On Discovering Elizabeth Bishop
Joelle Biele is the editor of Elizabeth Bishop and The New Yorker: The Complete Correspondence, to be published by FSG in 2011. We highlighted a few letters from the book earlier this month.
Sitting outside my poetry professor’s door, I noticed that the students from her advanced class were still reading the pink book. I had seen them, seniors probably, carrying the book before, through the corridors of the English department and onto the quad. Clearly, they had read a lot, had sophisticated tastes, and I was a student in the beginning class, hoping to find my way out of the dark and snowy rail stations of the Nineteenth-Century Russian Novel but unsure what to read in its place.
Each week my poetry professor passed out thick packets filled with poems, poems like “My Cat Geoffrey,” “Directive,” and “Howl”—poems that completely floored me, as had the essays by Eudora Welty and E. B. White she'd assigned in Composition the year before. Anything she had us read was good, and these students still carried the book, which meant it was doubly good, so I had to spot the title without being too obvious. There was a certain coolness factor, after all. A student came out of her office, another went in, and we all shifted seats.
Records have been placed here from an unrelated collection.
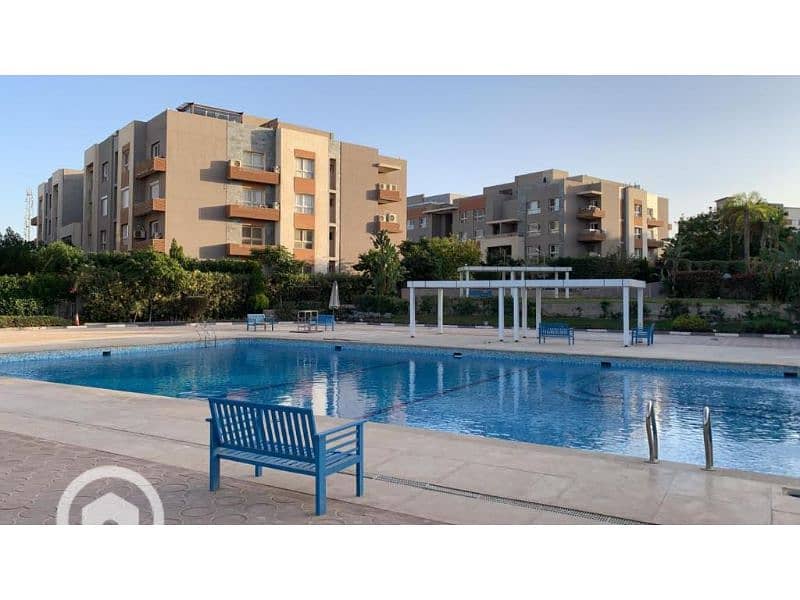 10 Zayed Regency 8. jpg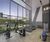 Cobertura, 4 quartos, 398 m² - Foto 10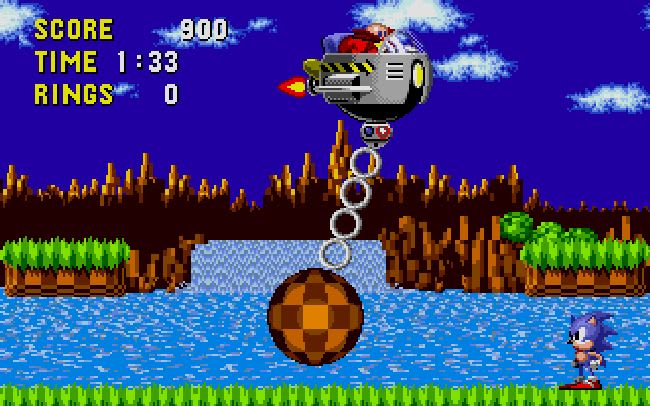 dr eggman sonic 1.jpg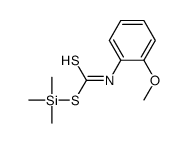 71456-97-8结构式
The girl next to me rifled through her bag, and there it was, the pink book with the light green picture and the plain black letters: Elizabeth Bishop, The Complete Poems, 1927–1979.
Either later that week or the week after, I took the bus to Harvard Square and bought the book I still read now, excited to have what I thought of as my first real book of poems. I was eager to sit down and read, eager to see what I might discover, if it would be the kind of book I would want to read in one sitting, and if I would want to carry it, too.